November 26, 2014 Leave a comment
If you’ve taken Real Estate Institute’s 2014 CE class, you know there have been some questions raised regarding the borrower providing documentation to the creditor before receiving the new Loan Estimate under the rules that take effect on August 1, 2015. Specifically, the question was how pre-approvals would be conducted given the language in Section 1026.19(e)(2)(iii) of Regulation Z going into effect next year, which states:
“The creditor or other person shall not require a consumer to submit documents verifying information related to the consumer’s application before providing the disclosures required by paragraph (e)(1)(i) of this section.” (Referring to the Loan Estimate.)
The official comments to the rule further state:
“A mortgage broker may ask for the names, account numbers, and balances of the consumer’s checking and savings accounts, but the mortgage broker may not require the consumer to provide bank statements, or similar documentation, to support the information the consumer provides orally before the mortgage broker provides the disclosures required by § 1026.19(e)(1)(i).” (Comment 19(e)(2)(iii) to the TILA-RESPA Rule)
As our instructors have mentioned in class, I wrote a letter to the Consumer Financial Protection Bureau some months ago asking for clarification on this section of the rule. Specifically, I was concerned about the CFPB’s interpretation of the word “required” and whether a lender or broker would be in violation of the rule if we went through the typical pre-approval process as it exists in 2014.

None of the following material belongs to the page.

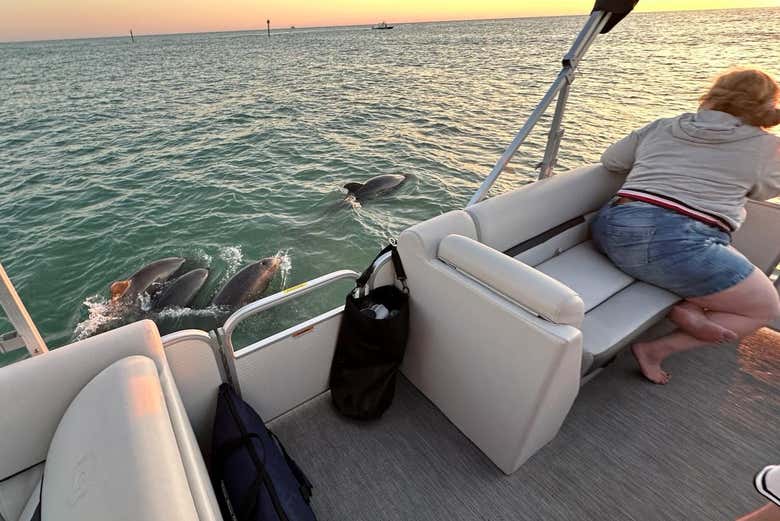 Observez des dauphins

I’m pleased to report that I received a call from Jeff Riley at the CFPB and had a lengthy discussion with him about this issue. Jeff provided verbal clarification* that it is permissible for creditors/brokers to REQUEST information and documentation from the borrower prior to providing a loan estimate, including at the pre-approval stage. However, the borrower cannot be REQUIRED to provide documentation before a creditor (or broker on behalf of a creditor) provides a loan estimate, nor can the collecting any of the six pieces of information that constitute an application be intentionally delayed until the borrower provides the documentation. Put simply, if borrowers verbally provide you the six pieces of information (name, income, Social Security number, subject property address, estimate of value of the subject property and the desired loan amount), you must provide a loan estimate within three business days even if they refuse to furnish any documentation to substantiate what they verbally disclose.

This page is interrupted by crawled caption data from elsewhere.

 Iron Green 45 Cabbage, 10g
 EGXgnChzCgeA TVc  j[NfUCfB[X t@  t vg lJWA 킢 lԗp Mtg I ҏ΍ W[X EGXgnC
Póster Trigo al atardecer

What’s the takeaway here? Carry on with your pre-approvals as you normally would after August 1, 2015. Obtaining documentation from the borrower in order to issue a pre-approval would not appear to put you in violation of the TILA-RESPA rule (although I would certainly avoid giving the impression through verbal or non-verbal clues that any documentation is “required” or “mandatory”). Also, if borrowers want to give you all of the required information verbally, don’t stop them from doing so until you’ve seen documents, as that would be a violation of the rule.
*NOTE – Verbal clarification is NOT official staff guidance or an official interpretation of the rule by the CFPB. I encourage all readers to consult with a qualified attorney on all matters of law or regulation. I am not an attorney (nor do I play one on TV), and no blog post can or should substitute for competent legal counsel.